The images on the top half are on an orange background, the bottom on blue, while the middle strip introduces a third colour to highlight the ornate Victorian uppercase font of the album title. Roy makes one exception for the comic book motif ‘BANG’, which adds the top colour to strengthen the neat little graphic. The four colour design was quickly reduced to three colours on No. 2, and by No.5 to two colours. Despite the BBC’s parsimony, the covers still looked good, and with all the colour variations make an attractive set. Roy was presumably paid for the original design but by No.5 his name had been dropped from the credits. No. 9 in 1973 saw the cover design altered, with a cleaner more modern font for the title, the letters inlaid with a radiating screen, and more emphasis on the BBC logo. To make room three of the photographs were taken off. It’s all a bit unbalanced compared to the original.

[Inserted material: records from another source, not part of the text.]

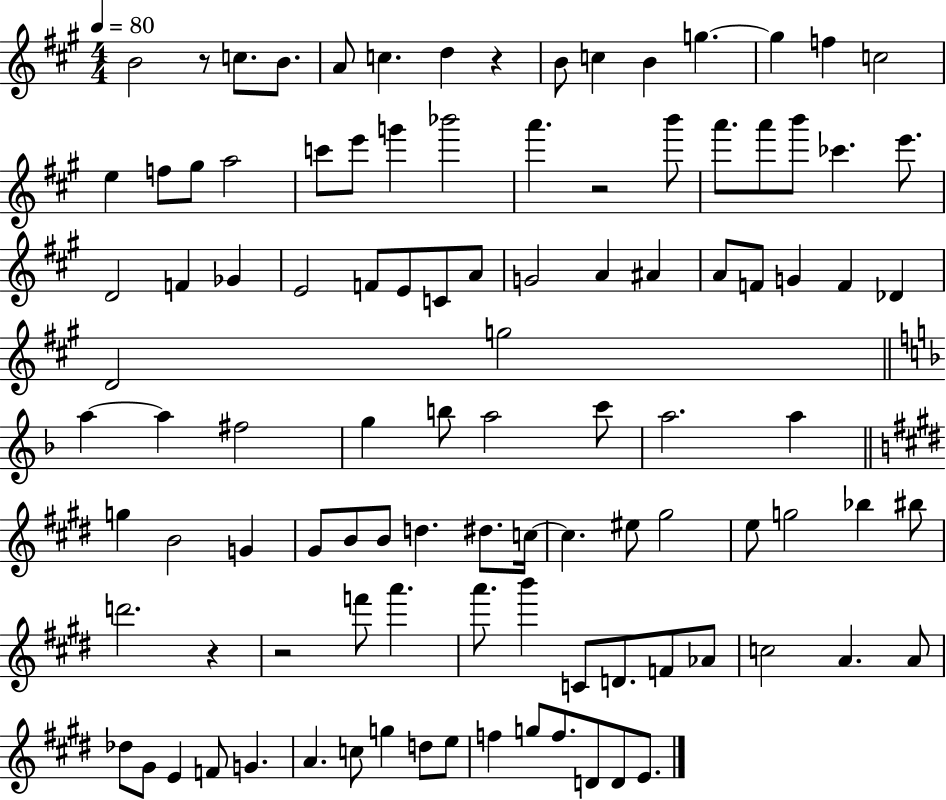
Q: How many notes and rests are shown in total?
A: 104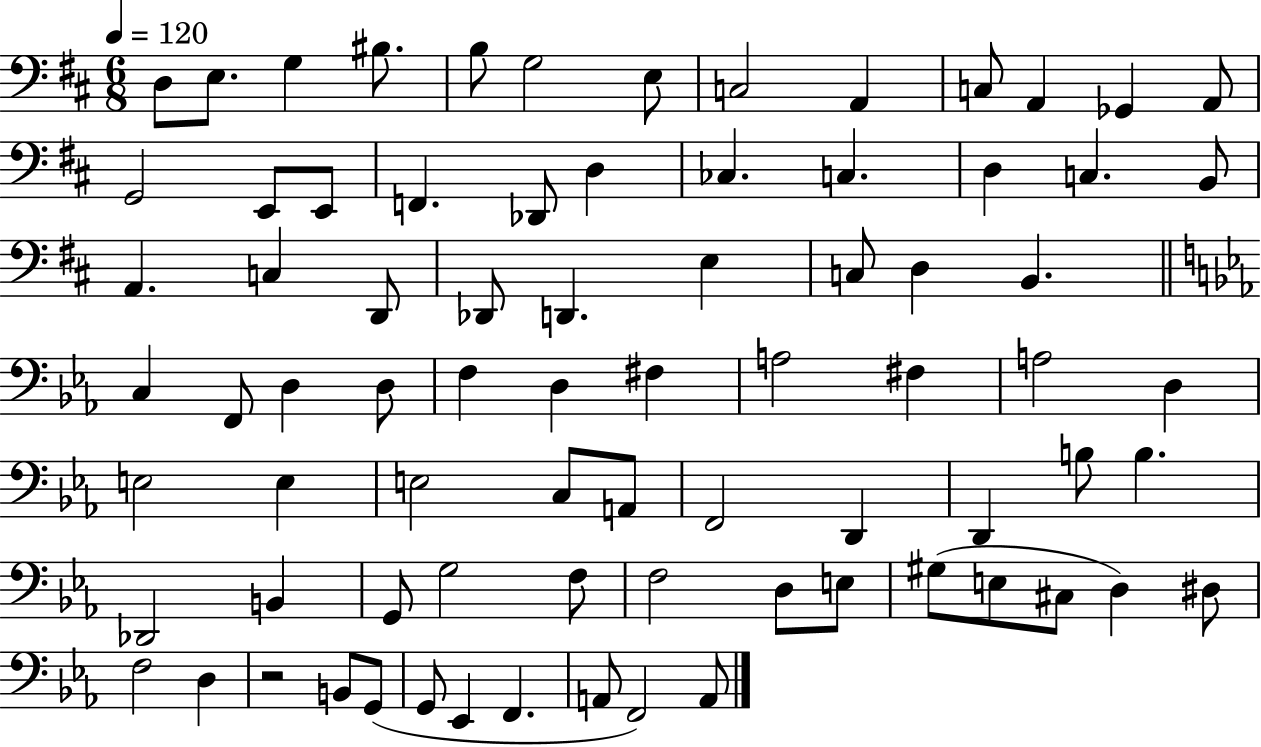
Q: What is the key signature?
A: D major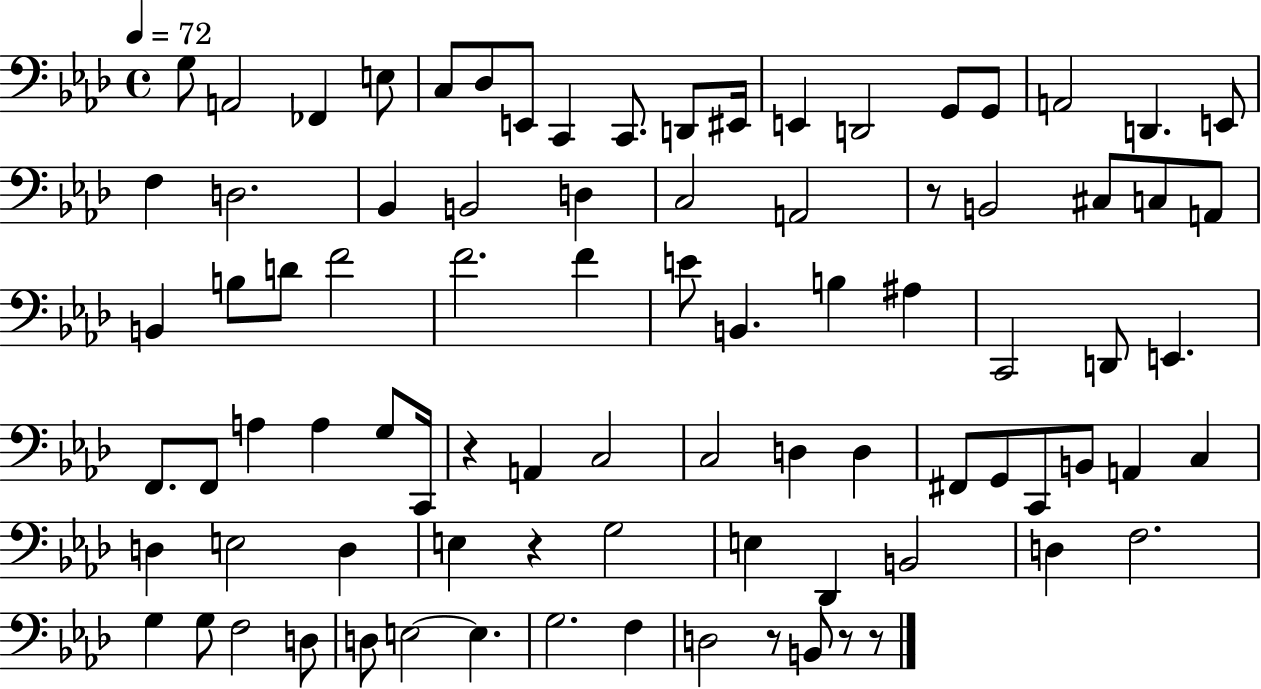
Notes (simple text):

G3/e A2/h FES2/q E3/e C3/e Db3/e E2/e C2/q C2/e. D2/e EIS2/s E2/q D2/h G2/e G2/e A2/h D2/q. E2/e F3/q D3/h. Bb2/q B2/h D3/q C3/h A2/h R/e B2/h C#3/e C3/e A2/e B2/q B3/e D4/e F4/h F4/h. F4/q E4/e B2/q. B3/q A#3/q C2/h D2/e E2/q. F2/e. F2/e A3/q A3/q G3/e C2/s R/q A2/q C3/h C3/h D3/q D3/q F#2/e G2/e C2/e B2/e A2/q C3/q D3/q E3/h D3/q E3/q R/q G3/h E3/q Db2/q B2/h D3/q F3/h. G3/q G3/e F3/h D3/e D3/e E3/h E3/q. G3/h. F3/q D3/h R/e B2/e R/e R/e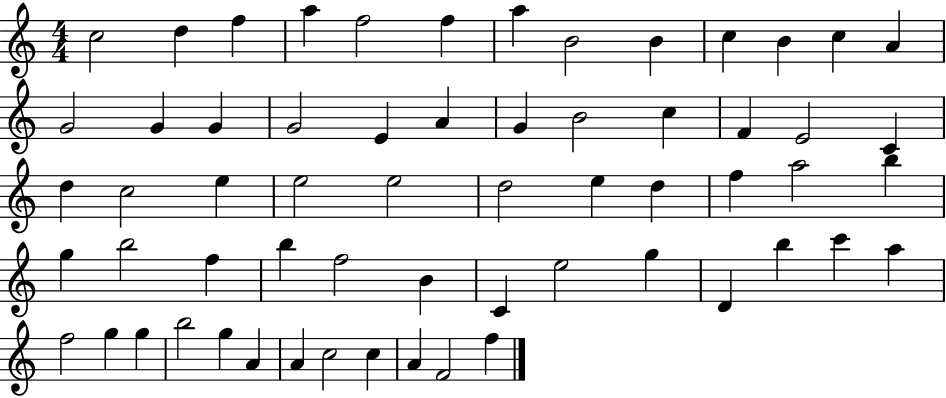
{
  \clef treble
  \numericTimeSignature
  \time 4/4
  \key c \major
  c''2 d''4 f''4 | a''4 f''2 f''4 | a''4 b'2 b'4 | c''4 b'4 c''4 a'4 | \break g'2 g'4 g'4 | g'2 e'4 a'4 | g'4 b'2 c''4 | f'4 e'2 c'4 | \break d''4 c''2 e''4 | e''2 e''2 | d''2 e''4 d''4 | f''4 a''2 b''4 | \break g''4 b''2 f''4 | b''4 f''2 b'4 | c'4 e''2 g''4 | d'4 b''4 c'''4 a''4 | \break f''2 g''4 g''4 | b''2 g''4 a'4 | a'4 c''2 c''4 | a'4 f'2 f''4 | \break \bar "|."
}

The series seems to have halted in 1973, I have only seen nine using the original design. The albums were revamped in 1976 with new abstract sleeve photographs in full colour, which are not credited, though the original back text and copyright dates were retained (the new cover for No. 2 is shown below to compare with the original above). In this format there were at least 26 albums, which were often themed, as well as spin-offs. Today the original sleeves are much collected and turn up quite regularly with specialist dealers.
Roy also designed other sleeves for the label (including some great covers for a BBC Schools broadcast called Movement, Mime and Music – which one wag on his blog marvels that he’s amazed Stereolab haven’t yet stolen the idea yet!). The web throws up little more on Roy beyond an interest in the occult, but whether he did any sleeve designs outside the BBC we don’t know. He may have had an association with the BBC Radiophonic Workshop, as he co-wrote a book on the history of the department in 1983. He also wrote monographs for the Inter-City Research Press in the late 60s and early 70s (including an anti-BBC one called Blatant Bias Corporation). This fringe publisher looks to have had some very extremist people behind them at one time (I found links to Roy’s book on a couple of National Front archives for example), so haven’t delved any further.
It was in 1980 that Mod revivalists The Jam used the original BBC sleeve design as inspiration for their fifth album Sound Affects. This was a clever pastiche, with images carefully chosen to match those of the original, with many just being variations thereof, and even a vintage typeface (Profil) for the title. The concept came from the band, and was put together by Bill Smith at Polydor. He was art director for the label from 1976 to 1978 before setting up his own agency, and did all the Jam covers.